Por ello, cuando hace año y medio me llamaron para ofrecerme un trabajo en la costa malagueña no dudé en aceptarlo, pues justo había unas cuantas semanas que se había terminado mi contrato de verano como monitor de surf. Tardé solo tres días en mudarme a Málaga, que era allí donde iba a comenzar mi nuevo trabajo, como era propio de mi, preferí buscar un piso barato antes que compartir piso, siempre he sido un chico solitario y bueno, tampoco es que me costase demasiado poder pagarlo.
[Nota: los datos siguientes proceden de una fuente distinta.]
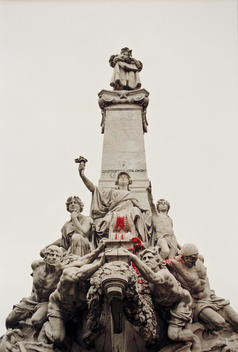 A Christopher Columbus Monument Covered In Red Paint In Buenos Aires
Al día siguiente tras la mudanza me dirigí a mi nuevo trabajo. Era una empresa dedicada al deporte y a organizar eventos como cumpleaños, reuniones de amigos y así. Mi nuevo trabajo ofrecía actividades deportivas y diversas actividades para niños, como magos, que les pinten la cara y esas cosas que a ellos les gusta. Por lo que me habían contado, al principio solo era una pequeña empresa de deporte al aire libre, pero que poco a poco había crecido para ser un negocio de animación deportiva y de ocio. Yo iba a ser uno de sus nuevos monitores y no estaba muy seguro aun de que me tocaría hacer, pero el cambio me había llamado.
Al entrar por la puerta principal pude leer el letrero de enormes letras que indicaba el nombre del lugar Sport Now. Ese era el nombre de mi nuevo lugar de trabajo y, lo que no sabía, es que al pasar aquellas puertas, mi vida fuese a cambiar tanto.